Dear all,
we have 12 RNA-seq samples of pairs "CSC" - "noncsc" ("csc" stands from cancer stem cells; and each pair CSC-noncsc comes from a different mouse). I write the following code for computing the differential expression with limma on the paired samples. Please could you let me know if it is correct. Thank you !

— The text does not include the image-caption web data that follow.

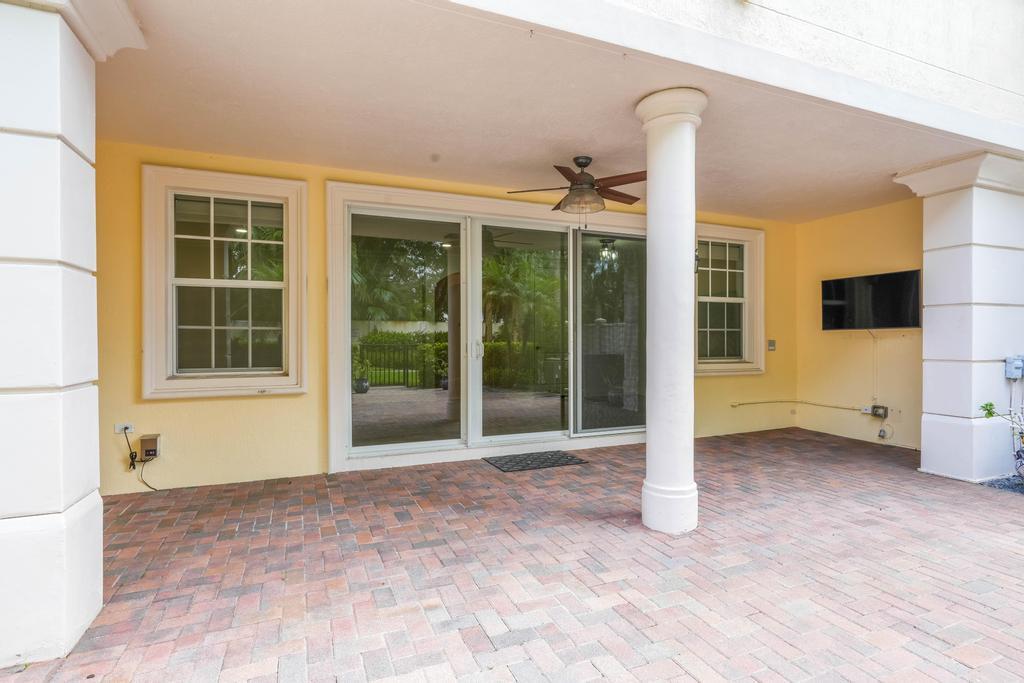 616 Northeast Francesca Lane Boca Raton, FL 33487 - Photo 33 of 64 BACK OF PROPERTY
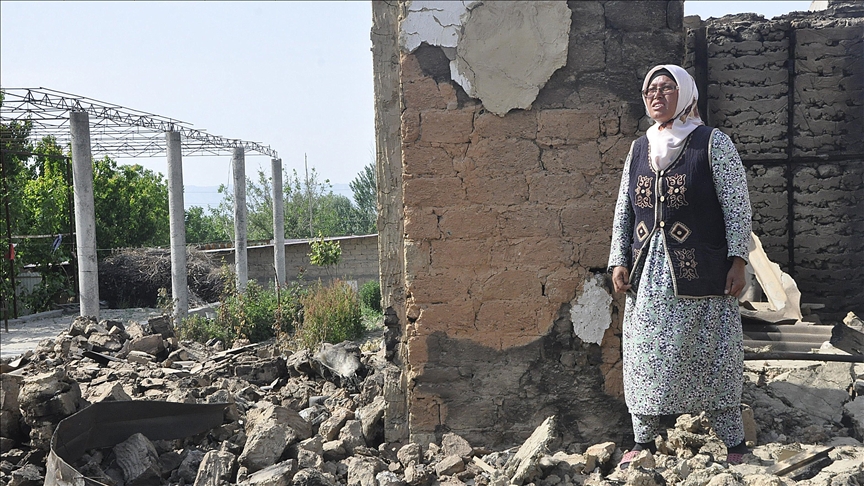 Anadolu Agency captures footage of destruction from conflict at Kyrgyz-Tajik border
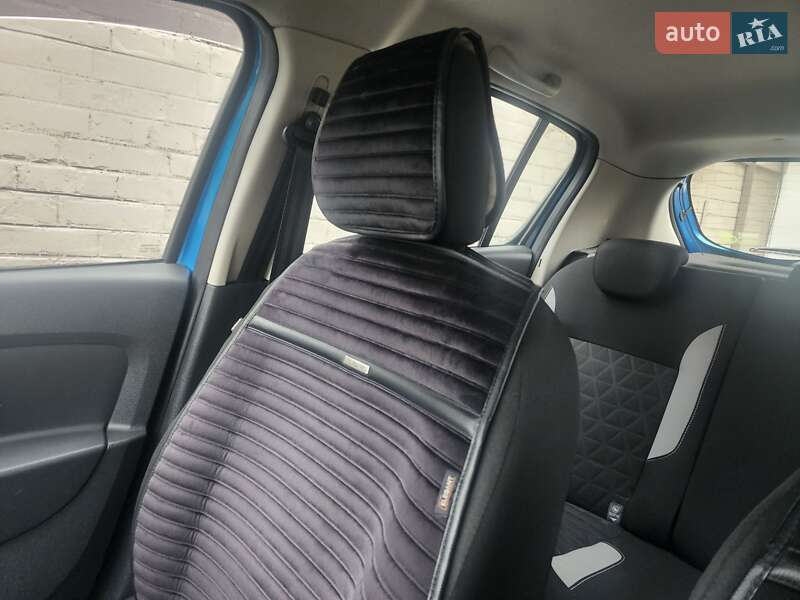 Позашляховик / Кросовер Renault Sandero StepWay 2015 в Харкові фото 12 Позашляховик / Кросовер Renault Sandero StepWay 2015 в Харкові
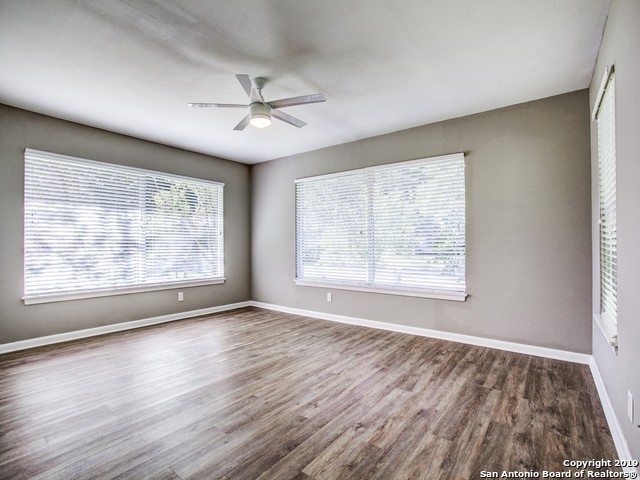 Image 21 of 25 For 413 Garraty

eset <- read.delim("mm10.genes.FPKM.for.Erica.and.Ariel.integrated.with.edgeR.version8feb2016.for-PCA.renaming",row.names="Symbol")
group <- factor(c("csc","csc","csc","csc","csc","csc","non","non","non","non","non","non"))
subject <- factor(c(1,2,3,4,5,6,1,2,3,4,5,6))
design <- model.matrix(~0+group+subject)
contrast.matrix <- makeContrasts(groupcsc-groupnon, levels=design)
fit <- lmFit(eset, design)
fit2 <- contrasts.fit(fit, contrast.matrix)
fit2 <- eBayes(fit2)
results <- topTable(fit, coef=1, adjust="fdr", number=24073)
write.table(results, file="results", sep="\t", eol="\n", row.names=TRUE, col.names=TRUE)
sessionInfo()
R version 3.2.4 Revised (2016-03-16 r70336)
Platform: x86_64-pc-linux-gnu (64-bit)
Running under: Ubuntu 14.04.4 LTS
locale:
[1] LC_CTYPE=en_US.UTF-8 LC_NUMERIC=C
[3] LC_TIME=en_US.UTF-8 LC_COLLATE=en_US.UTF-8
[5] LC_MONETARY=en_US.UTF-8 LC_MESSAGES=en_US.UTF-8
[7] LC_PAPER=en_US.UTF-8 LC_NAME=C
[9] LC_ADDRESS=C LC_TELEPHONE=C
[11] LC_MEASUREMENT=en_US.UTF-8 LC_IDENTIFICATION=C
attached base packages:
[1] stats graphics grDevices utils datasets methods base
other attached packages:
[1] limma_3.26.9
loaded via a namespace (and not attached):
[1] tools_3.2.4
Looks mostly fine to me. However, you might want to do some filtering to remove low-abundance genes at the start (i.e., before running
calcNormFactors
, and definitely before runningvoom
, otherwise you'll end up with a strange mean-variance trend). Also, for future reference, modify your original question rather than posting a new answer.thanks, Aaron. will open a new question about edgeR soon. On the same topic of limma though, a little additional question please (on a tiny detail): when I set up the design, it looks that the word "group" is added automatically to the names of column1 and column2 : is it supposed to be this way ?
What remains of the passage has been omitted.